Reality?! Who am I kidding. Most of these things won’t get done. You know, when she goes on these trips, things seldom ever get done as I planned. Subconciously I take my own little vacation. It doesn’t involve leaving the house. I just rest. Oh, today will still be busy but not that busy. At least things will be a little better than when she left. Ha! I just have to make sure I do the visible things that she will notice right away.

Will I get away with it. Maybe not… certainly won’t if she ever starts reading my blog. Tomorrow, when we see each other in the airport, all these thoughts will pass away as we get caught up in that special moment. A big hug and a sweet kiss. Ah, the telling of her adventures as we eat at our favourite restauraunt.

 The following day things will be back to normal… less procrastination and more doing. Our vacations over. 😉

Chased out of the country

Friday, February 1st, 2008

Yep, heard about the big storm coming from Texas. Mixing with the cold artic air. Lots of snow. Soooo… 3:30 in the mornig a van rushes up to the door of my house. A man jumps out and comes to my door. There is a flurry of activity as suitcases and bags are whisked out the door to disappear within the waiting vehicle. Where are my women? My wife and her mother? I feel the wind pass by. It wasn’t the cold wind fortelling the storm, no, it was Linda and Goldie speeding past to get to the van. The dog next door begins to bark. Quickly all things and all people are loaded, such hasty goodbies. Off into the distance races the van carrying my loved ones to the airport, the storm nipping at their heels. A furtive wave and I walk from the door. Alone again… the batchelor life… me and the cat, facing the storm. Sigh!

Leading Worship

Monday, July 23rd, 2007

Last night I had my first opportunity to lead worship at our evening service. Well, I was actually the only person on stage. Thankfully I had someone on the sound board and another on the power point presentation to display the songs we would sing. My thanks to them both.

So I was sitting on the stage with my guitar, prayed up and ready to go. I started strumming the first song and began to sing… oops. For the life of me I couldn’t sing that song. The beat and the words refused to co-operate with each other.  I stopped and chuckled to the congregation. Apologizing I explained that when I lead worship at our substance abuse meetings on tuesday nights something usually goes wrong. I said that at least we got “the” mistake out of the way and now we could proceed. It is nice to have a group of people who have grace and show mercy.

Gathering up my courage I started once again with the same song. This time we could all sing the song.  Four other songs were played in succession. My voice held up pretty well but the guitar playing began to suffer. I have arthritis and other problems that sometimes make it difficult to play. My chording hand began to go numb and I failed to play the chords cleanly.
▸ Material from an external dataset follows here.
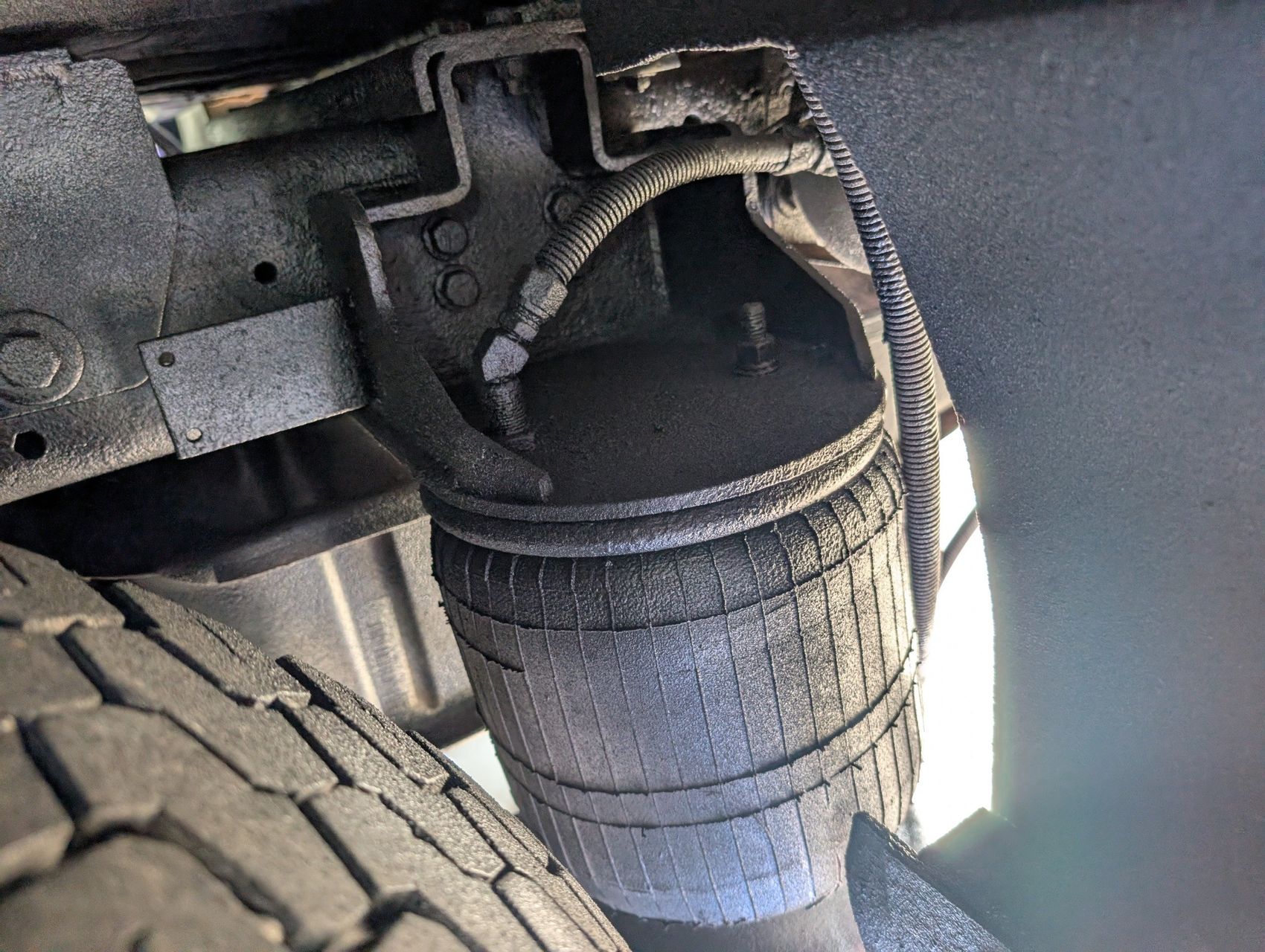 2001 Ford F-550 243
Foretunately the people singing along did not seem to notice the difficulty I was having.  At the end of the service many came to me and said that I did a good job of leading worship.

I sometimes find it hard to accept compliments. I have a defensive mechanism that kicks in and I usually try to minimize anything someone says to me. This was actually improper of me to do. Why? Because I didn’t have the grace to accept a kind word spoken to me. The Holy Spirit is such a gentleman. He used a feather of thought to convict me. I apologized to one person in particular for my attitude.

You see, I know that when playing the guitar I am limited. What I forget is the grace of God. Before I play I always ask God to help me out. That my mistakes don’t pull attention to me but that everyone will keep their eyes on Him while we worship and praise. He is faithful and has always helped. My problem is that I see the errors and not the grace. I am, however, learning. I’m just not finished growing in character and understanding of who He is and His grace toward me.

 It is always a privilege, never a right, to minister to other people. He is wonderful and I always thank him for every opportunity to minister.